SUPPLIED RECORDS:
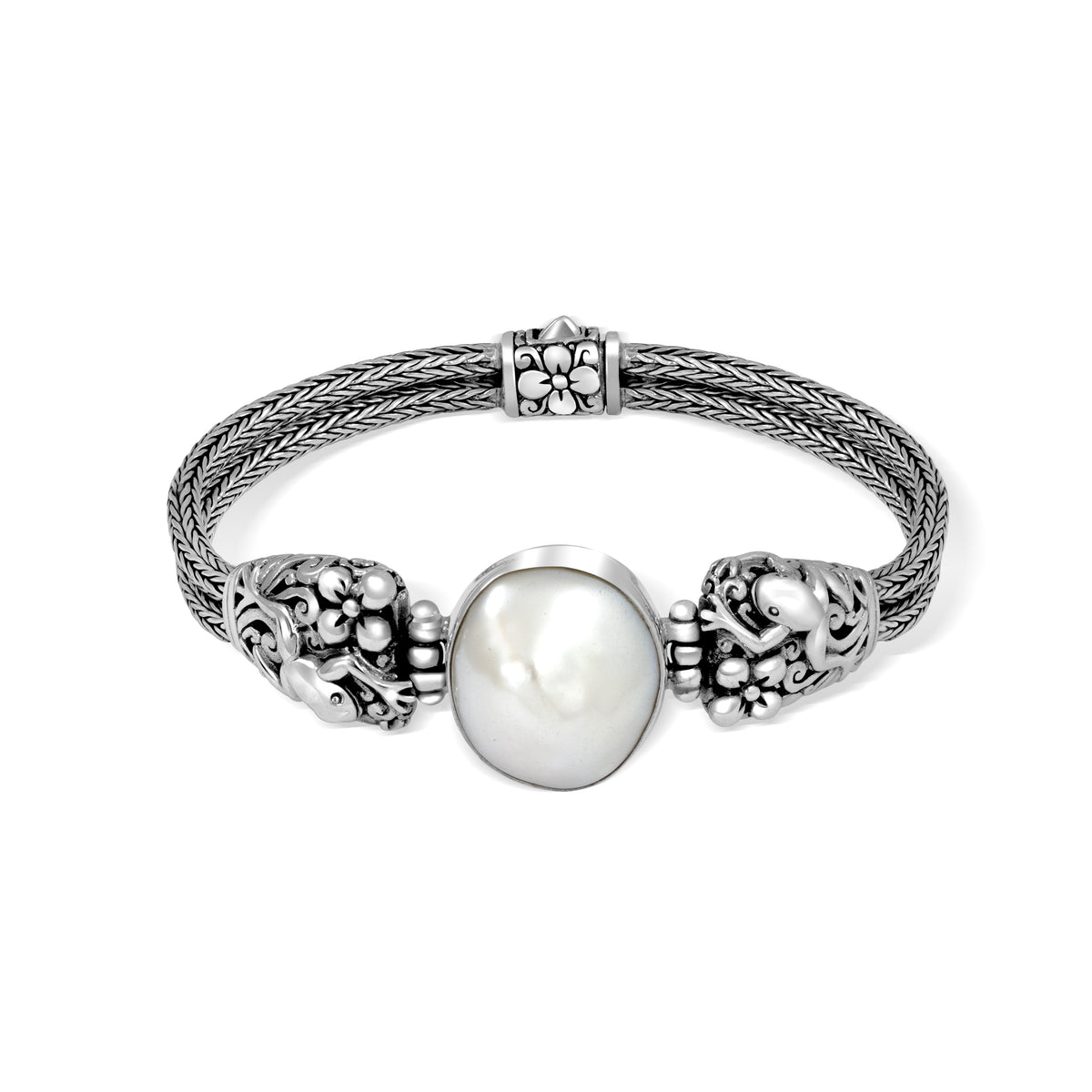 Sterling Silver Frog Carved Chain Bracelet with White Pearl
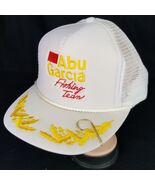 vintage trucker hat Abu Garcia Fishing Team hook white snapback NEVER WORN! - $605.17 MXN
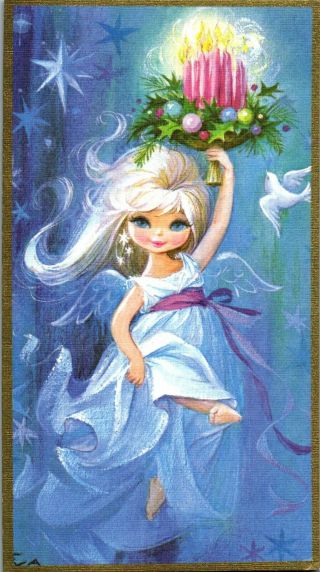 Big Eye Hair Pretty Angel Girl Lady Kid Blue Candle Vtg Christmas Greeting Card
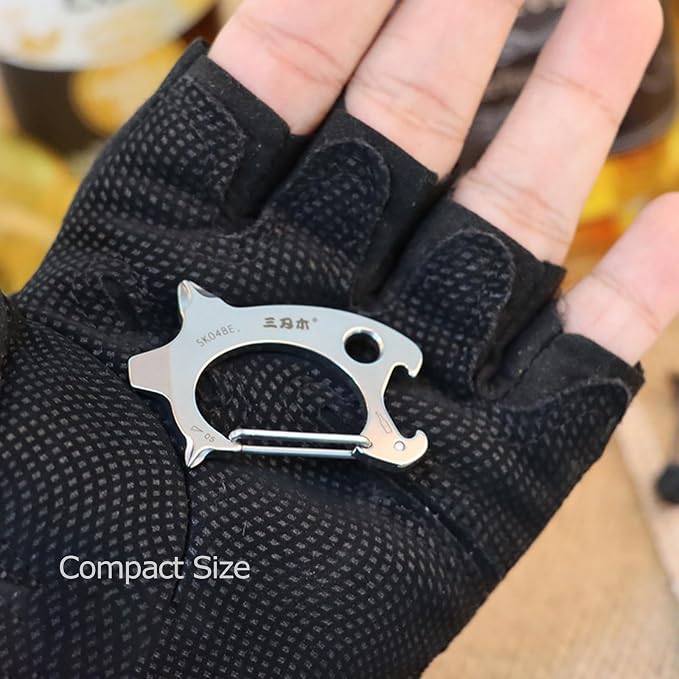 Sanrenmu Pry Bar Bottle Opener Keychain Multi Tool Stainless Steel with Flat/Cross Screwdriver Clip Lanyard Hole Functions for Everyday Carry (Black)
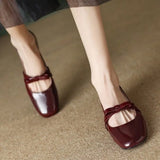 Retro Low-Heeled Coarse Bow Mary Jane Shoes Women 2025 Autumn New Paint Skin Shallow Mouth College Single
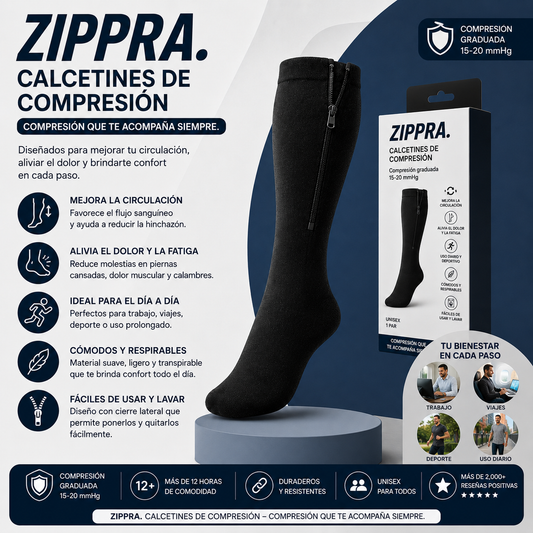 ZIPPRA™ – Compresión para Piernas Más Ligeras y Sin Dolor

==

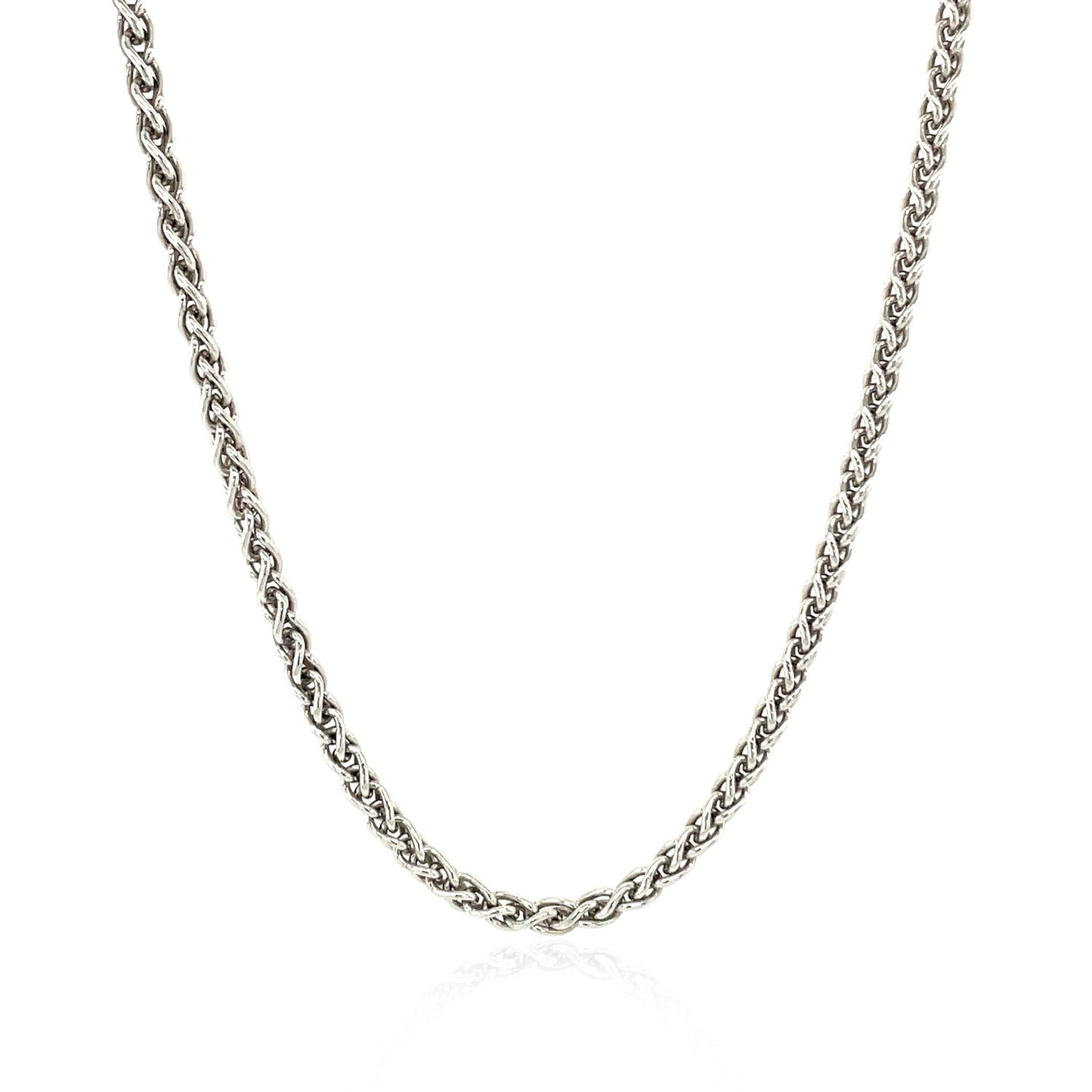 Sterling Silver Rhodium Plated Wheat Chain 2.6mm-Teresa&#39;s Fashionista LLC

GOAL OF THE EXERCISE:
Exact copy, no pictures. Write out the lines in the entries above, starting with the line with "Retro Low-Heeled Coarse" and going on through the line with "ZIPPRA™ – Compresión", keeping both.

EXERCISE SOLUTION:
 Retro Low-Heeled Coarse Bow Mary Jane Shoes Women 2025 Autumn New Paint Skin Shallow Mouth College Single
 ZIPPRA™ – Compresión para Piernas Más Ligeras y Sin Dolor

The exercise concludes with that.